PCRE Pattern Syntax

Here is a brief quick reference to the more common patterns you can use in PCRE regular expressions. The most commonly used is ".*", meaning any number of any character. This is equivalent to the wildcard "*" in the shell.

QUOTING - To prevent a character from being interpreted as a pattern meta-character, quote it.

\x where x is non-alphanumeric, indicates a literal x
\Q...\E treat enclosed characters as literal

CHARACTERS - How to specify characters, non-printable or programmatically.

\a alarm, that is, the BEL character (hex 07)
\cx "control-x", where x is any character
\e escape (hex 1B)
\f formfeed (hex 0C)
\n newline (hex 0A)
\r carriage return (hex 0D)
\t tab (hex 09)
\ddd character with octal code ddd, or backreference

\xhh character with hex code hh

\\x{hhh..}  character with hex code hhh..

CHARACTER TYPES - Match based on type of character.

. any character except newline;

in dotall mode, any character whatsoever

\C one byte, even in UTF-8 mode (best avoided)
\d a decimal digit
\D a character that is not a decimal digit
\h a horizontal whitespace character (e.g. space, tab, but not newline)
\H a character that is not a horizontal whitespace character
\p{xx} a character with the xx property (see below)
\P{xx} a character without the xx property (see below)
\R a newline sequence
\s a whitespace character
\S a character that is not a whitespace character
\v a vertical whitespace character (e.g. newline or CR)
\V a character that is not a vertical whitespace character
\w a "word" character
\W a "non-word" character

\X an extended Unicode sequence

In PCRE, \\d, \\D, \\s, \\S, \\w, and \\W recognize only ASCII characters.

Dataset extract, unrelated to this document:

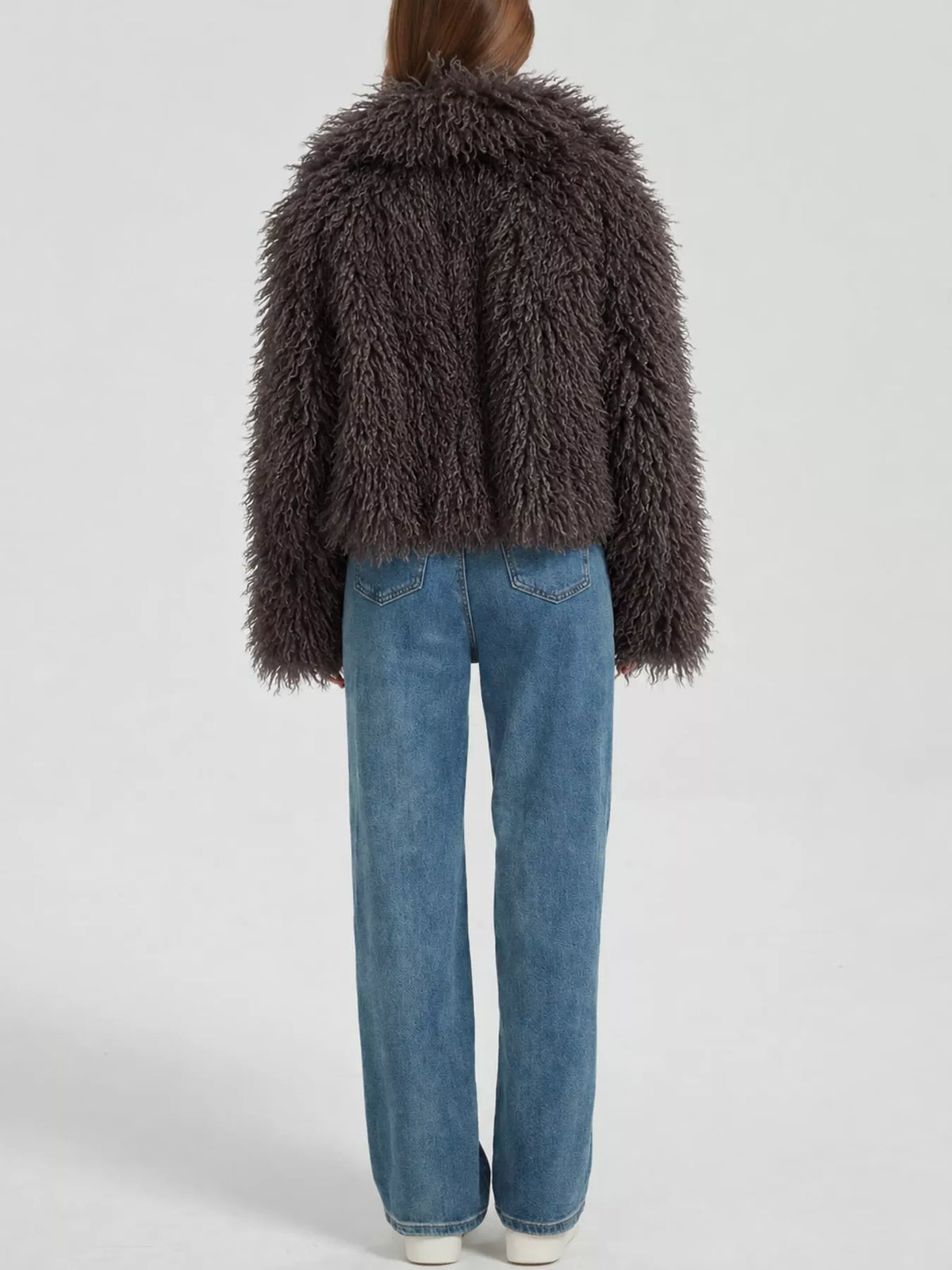 Collared long sleeve jacket, back view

GENERAL CATEGORY PROPERTY CODES for use with p and P

C Other
Cc Control
Cf Format
Cn Unassigned
Co Private use
Cs Surrogate
L Letter
Ll Lower case letter
Lm Modifier letter
Lo Other letter
Lt Title case letter
Lu Upper case letter
L& Ll, Lu, or Lt
M Mark
Mc Spacing mark
Me Enclosing mark
Mn Non-spacing mark
N Number
Nd Decimal number
Nl Letter number
No Other number
P Punctuation
Pc Connector punctuation
Pd Dash punctuation
Pe Close punctuation
Pf Final punctuation
Pi Initial punctuation
Po Other punctuation
Ps Open punctuation
S Symbol
Sc Currency symbol
Sk Modifier symbol
Sm Mathematical symbol
So Other symbol
Z Separator
Zl Line separator
Zp Paragraph separator
Zs Space separator

CHARACTER CLASSES - Match a range or set of characters. For example, "[abc]" would match either a, b or c.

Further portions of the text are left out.